*** The data ***

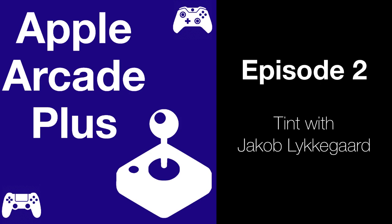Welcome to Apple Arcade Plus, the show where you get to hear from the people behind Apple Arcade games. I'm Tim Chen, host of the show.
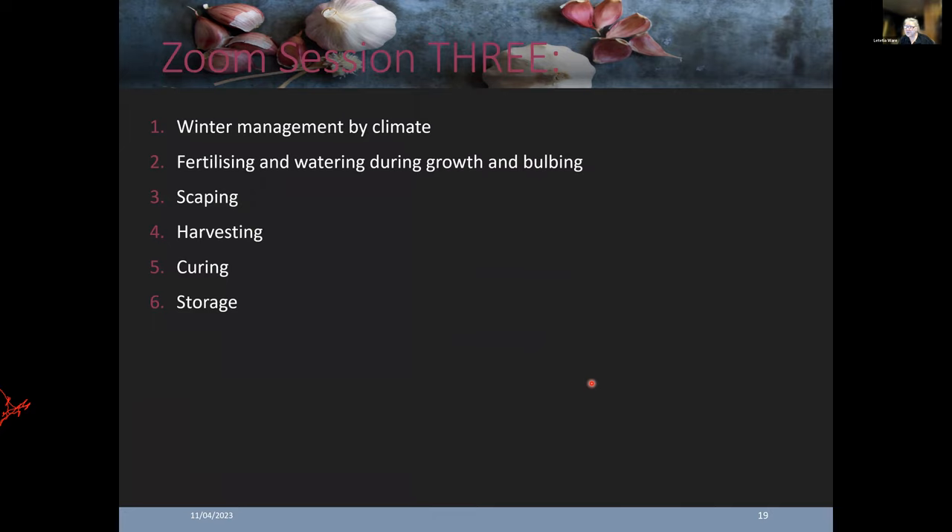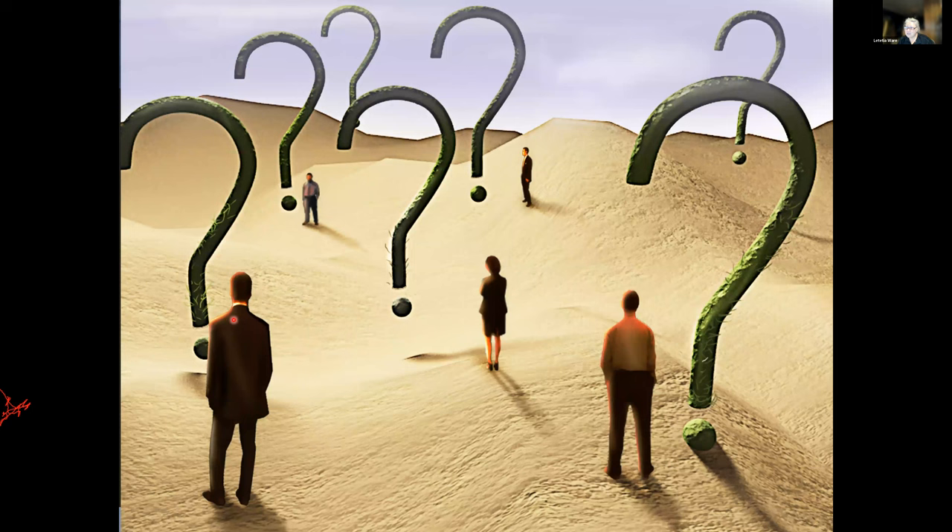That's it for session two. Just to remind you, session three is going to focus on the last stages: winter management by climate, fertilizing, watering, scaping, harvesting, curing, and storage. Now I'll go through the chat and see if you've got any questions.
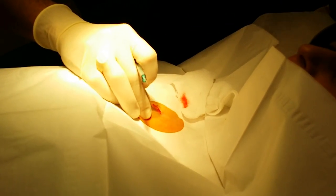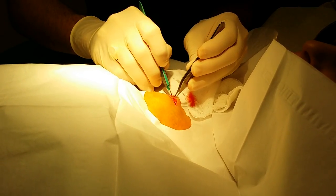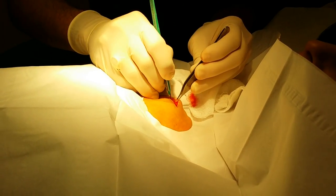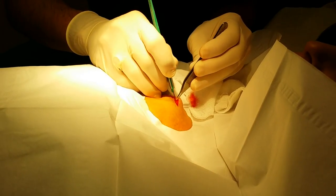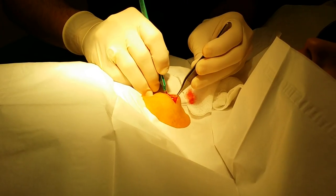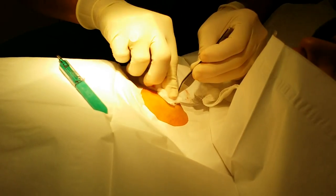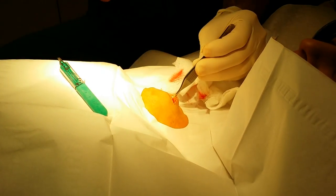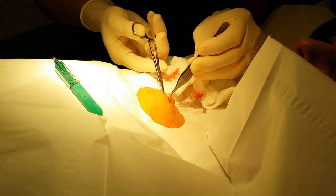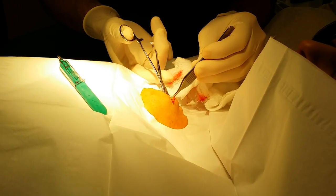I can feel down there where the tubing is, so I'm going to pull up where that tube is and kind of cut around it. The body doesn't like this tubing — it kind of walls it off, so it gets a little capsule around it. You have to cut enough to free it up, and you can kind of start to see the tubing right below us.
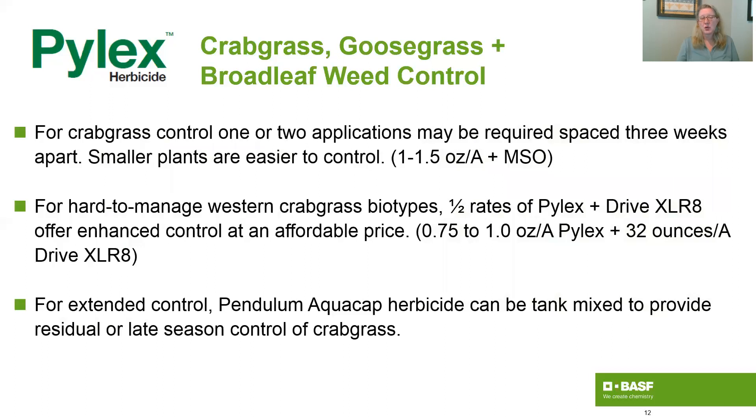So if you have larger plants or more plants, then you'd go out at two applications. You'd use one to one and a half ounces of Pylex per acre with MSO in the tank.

*** End of The data ***

◆ **Task brief**
Return the listing above unaltered, omitting its pictures.

◆ **Response to this exercise**
Welcome to Apple Arcade Plus, the show where you get to hear from the people behind Apple Arcade games. I'm Tim Chen, host of the show.
That's it for session two. Just to remind you, session three is going to focus on the last stages: winter management by climate, fertilizing, watering, scaping, harvesting, curing, and storage. Now I'll go through the chat and see if you've got any questions.
I can feel down there where the tubing is, so I'm going to pull up where that tube is and kind of cut around it. The body doesn't like this tubing — it kind of walls it off, so it gets a little capsule around it. You have to cut enough to free it up, and you can kind of start to see the tubing right below us.
So if you have larger plants or more plants, then you'd go out at two applications. You'd use one to one and a half ounces of Pylex per acre with MSO in the tank.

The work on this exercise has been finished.